Simon presented at Animal Dental Care in Colorado for an evaluation of a fractured right upper fourth premolar. Unfortunately the tooth was too badly damaged to be saved with a root canal and needed to be extracted. In photo 1 below you can see the dog’s upper fourth premolar which shows the fracture and damage to the tooth prior to extraction.
Digital veterinary dental radiographs revealed that several other teeth were fractured with dentin exposure. These teeth were smoothed and all areas of the exposed dentin were sealed with bonded resin. The left upper third incisor, shown in photos 2 and 3, was fractured with exposure of the pulp (nerve) chamber, which is very painful. Fortunately this tooth was a great candidate to be treated and saved with root canal therapy.
The only way to accurately assess whether a pet is a candidate for root canal therapy is with veterinary dental radiographs. X-rays provide a complete picture of the pet’s tooth, root, and bone structure.
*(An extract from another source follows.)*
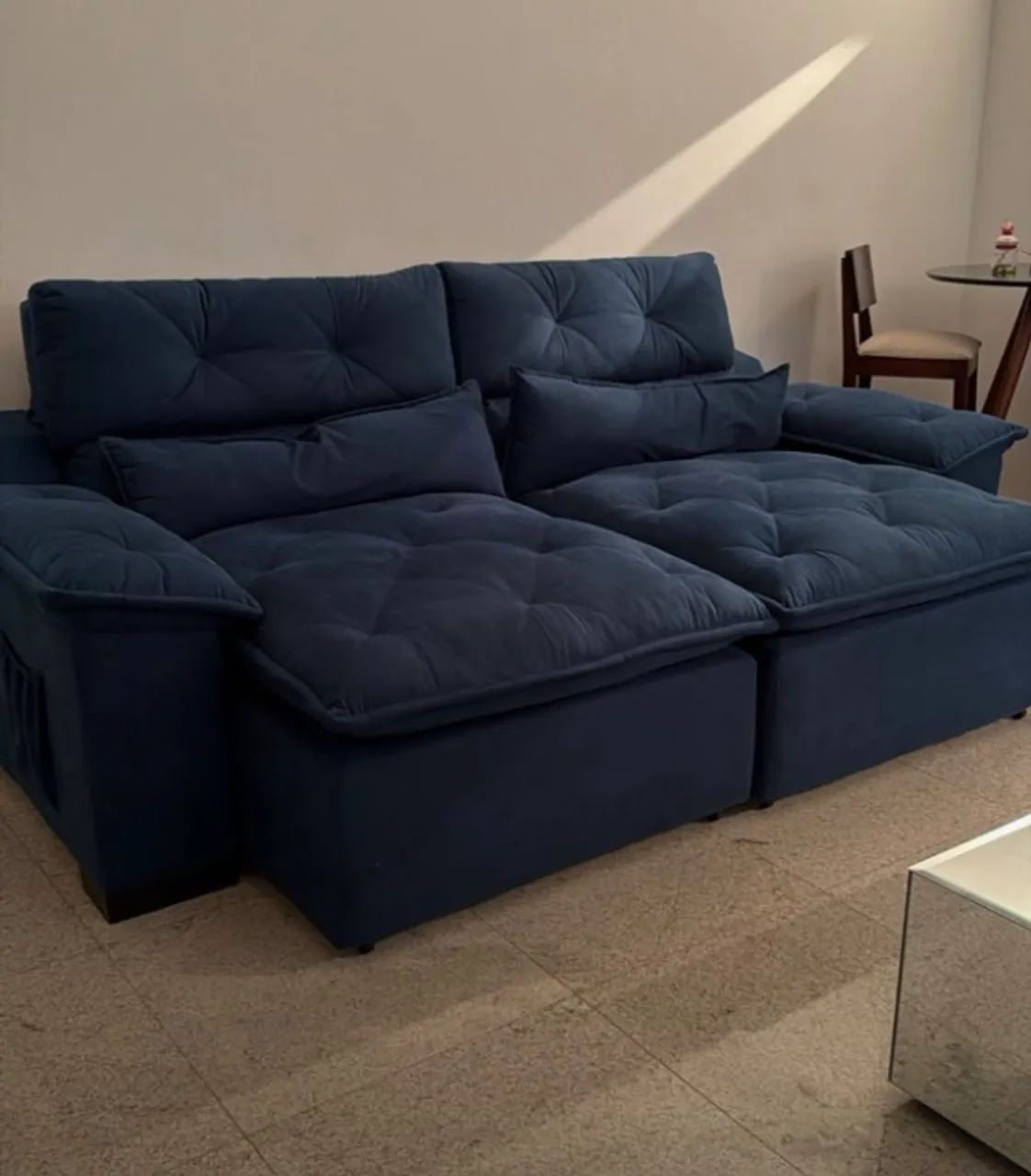 ? VENDO SOFÁ RETRÁTIL E RECLINÁVEL AZUL - 2,10 M - Foto 2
This will help decide whether a root canal or an extraction is the optimal treatment for the pet’s broken tooth. Root canal therapy involves one or two small holes drilled in the tooth and infected pulp is then removed. The inside of the tooth is cleaned and filled with material that will not support bacterial growth to eliminate infection. The last step is placing a filling on the tooth to prevent bacteria from entering the tooth. A crown may be recommended to strengthen the treated tooth.